Hagen is a very different story. I met the Arctic fox-shifter crime lord when I was a street rat. Hagen’s men ensured I didn’t get raped, and in return, I picked pockets and surrendered my earnings to the large blond man. “Not for long though, Aria,” he’d said to me once, his black eyes greedy. “Once you turn sixteen, you’ll be working in my brothels.”
Make no mistake, I was Hagen’s property. He was fond of children, and so I was allowed to grow up, unmolested. But once I turned sixteen, my life would have turned out exactly as he wished.
Until Silas came along. The wolf-shifter had paid Hagen off and taken me to live with him.
I hoped never to speak to Hagen again, but if there’s one person who can provide the kind of protection I need, it’s him.
“Aria. It’s been quite a while.”
Of course Nygaard would know my number. “Hagen. How are you?”

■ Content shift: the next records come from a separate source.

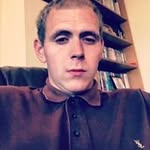 Trevor Dunkley - @dunkleytrevor - Instagram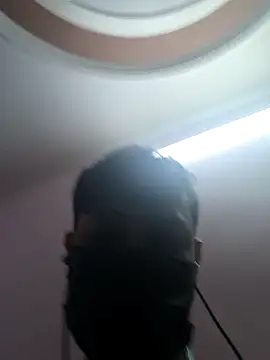 Daddys Cum0855 online show from 23, 2, 2025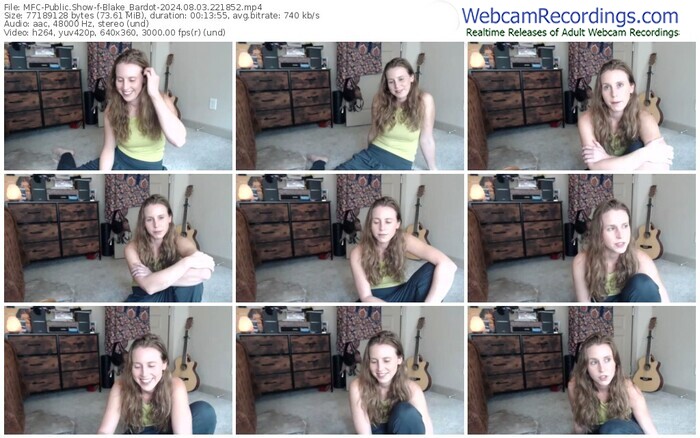 myfreecams-blake_bardot-08-03-2024-22-18-52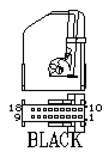 G11141665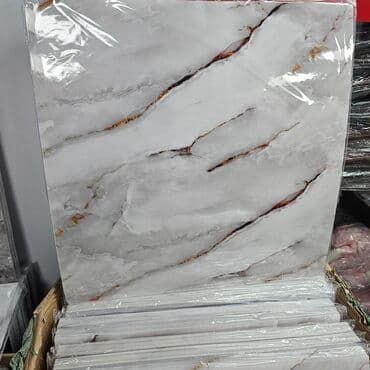 masina za rezanje stiropora: ✨✨✨NOVO I FANTASTICNO ✨✨✨ 🔝🔝🔝Zidne obloge 🔝🔝🔝 🔥🔥🔥750 din po tabli — 1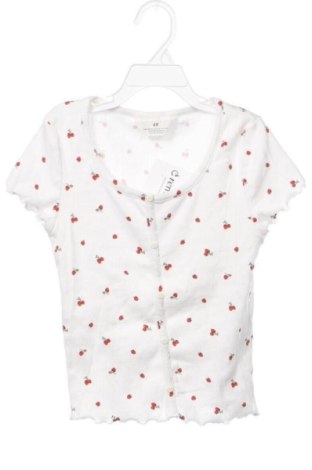 Детска блуза H&M, Размер 10-11y/ 146-152 см, Цвят Многоцветен, Цена 6,00 €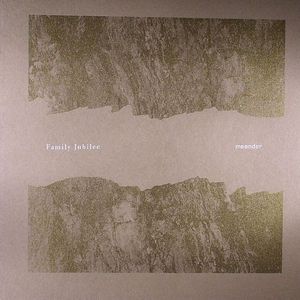 Family Jubilee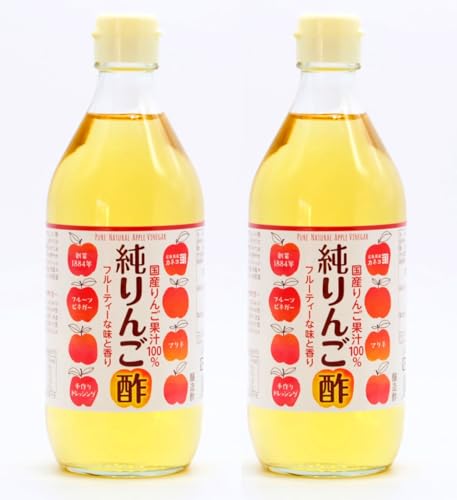 n140Nc^qX {̏񂲐| 500ml×Q{ z Sʏ`yAR[A|_y{iIȓ`@̂|łBYŁuь̂|vȂł͂̍Ǝ_B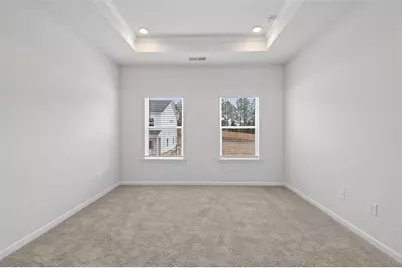 48 Alameda Street #129, Loganville, GA 30052 - Photo 15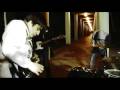 Slowburn - Sleepwalker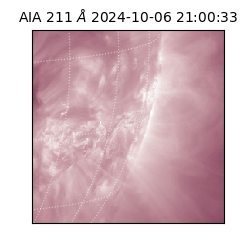 saia - 2024-10-06T21:00:33.630000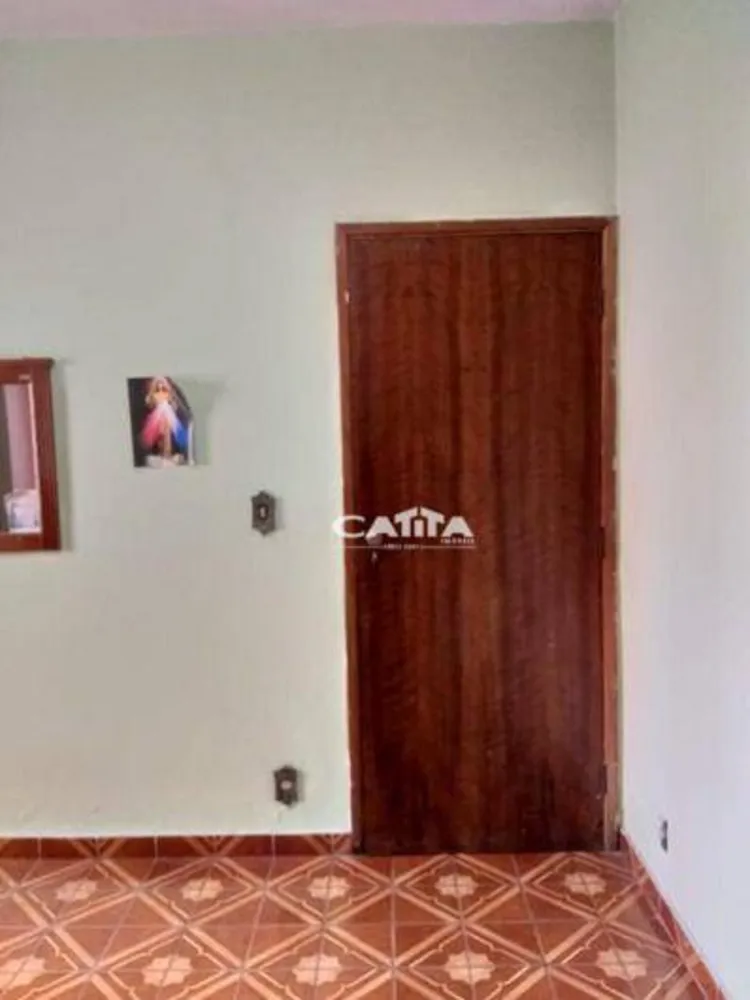 Sobrado, 5 quartos, 266 m² - Foto 7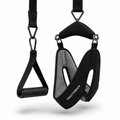 TractoBack™ Decompression Strap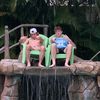 jackdietz1212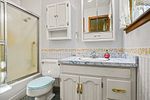 Photos and Details. PHONE BID 
REAL ESTATE AUCTION 
PROPERTY LOCATED: 2 miles north of Image - 11
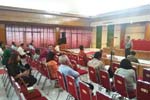 Program Perkuliahan Reguler Universitas Mpu Tantular Jakarta Nomor 5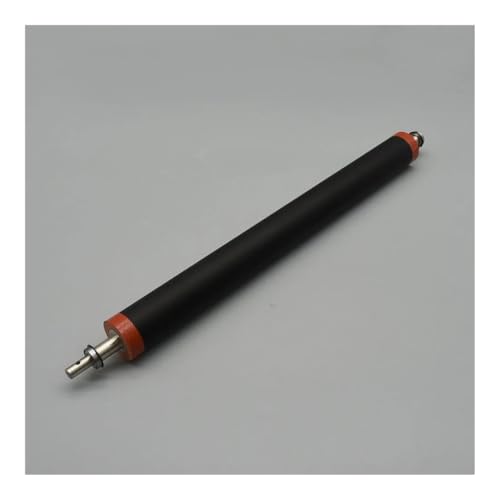 Rouleau de pression AA2JR70400 pour bizhub C450i C550i, fixation thermique homogène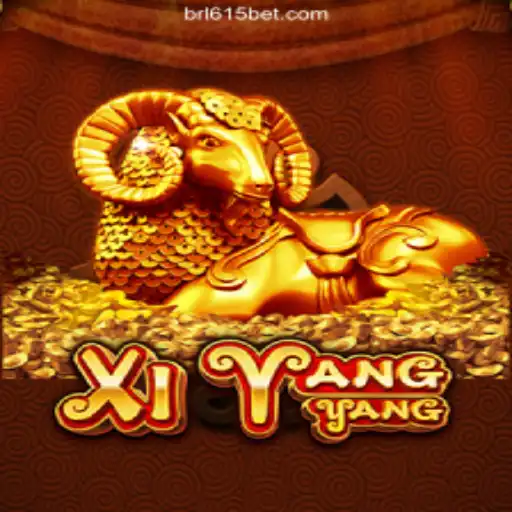 Exploring the Exciting World of XiYangYang Slots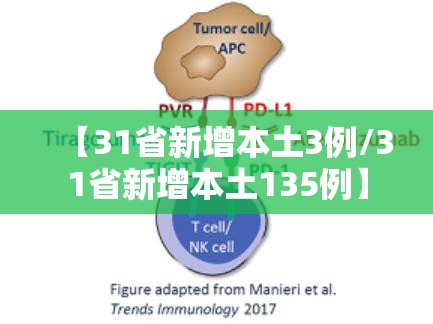 【31省新增本土3例/31省新增本土135例】
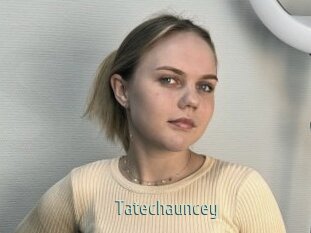 Tatechauncey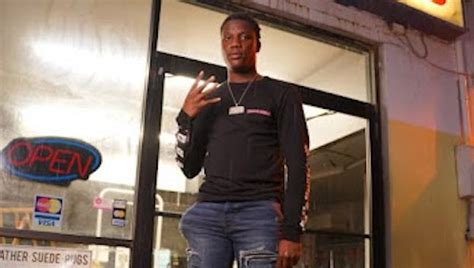 Banzo - The Hype Magazine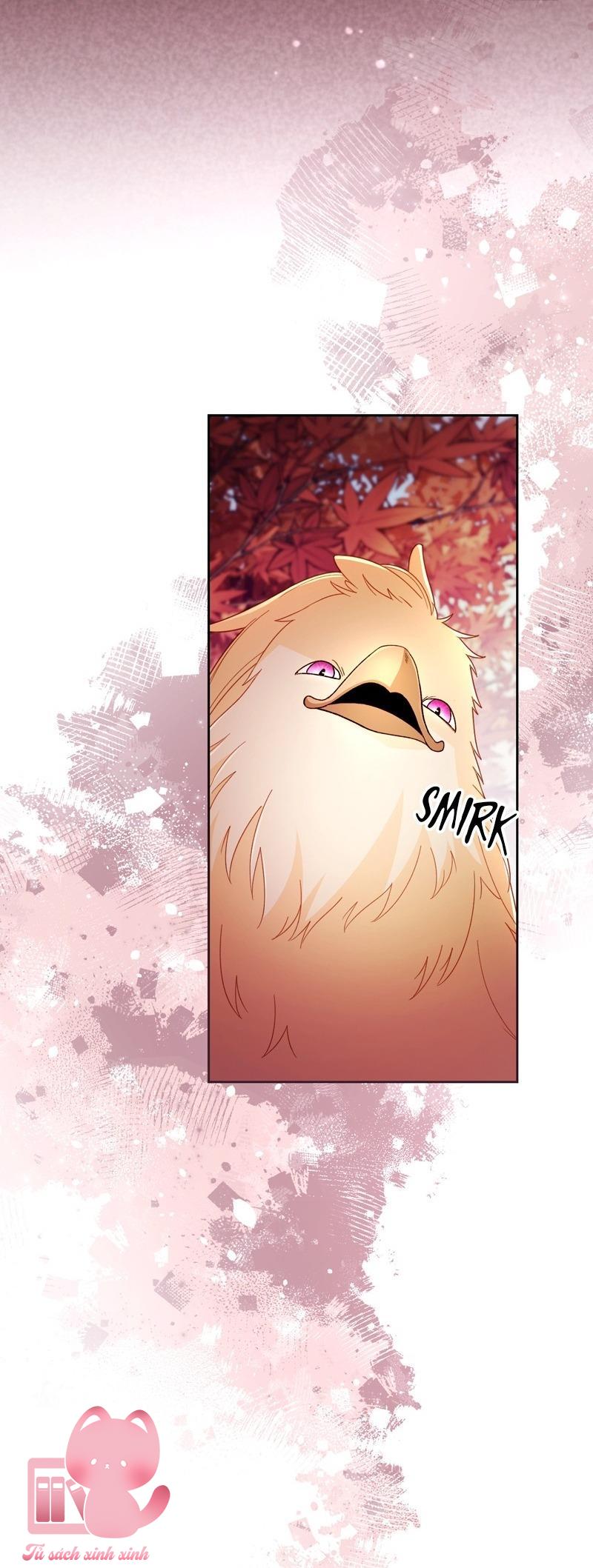 Hoàng Hậu Tái Hôn - Chap 214 - Trang 27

“Better than you, I’d imagine,” he replies. “You tried to break open Lord Jaeger’s safe, and he’s missing from his own party. Putting two and two together, I’d say you’re in a world of hurt.”
I rub the mark on my wrist absently. Hagen knows a lot, but not everything. “I need to buy some protection.”
“For you? Sorry, my dear. My reach is vast, but if I oppose the dragons, I will be annihilated. You’re on your own.”
“Not for me. For Silas.”
“Who’s threatening dear old Papa Wolf?”
The hair on the back of my neck stands up. My mystery client had called Silas Papa Wolf. Is Hagen working with Raedwulf? “A wolf-shifter called Drakkar Raedwulf,” I reply. “Friend of yours?”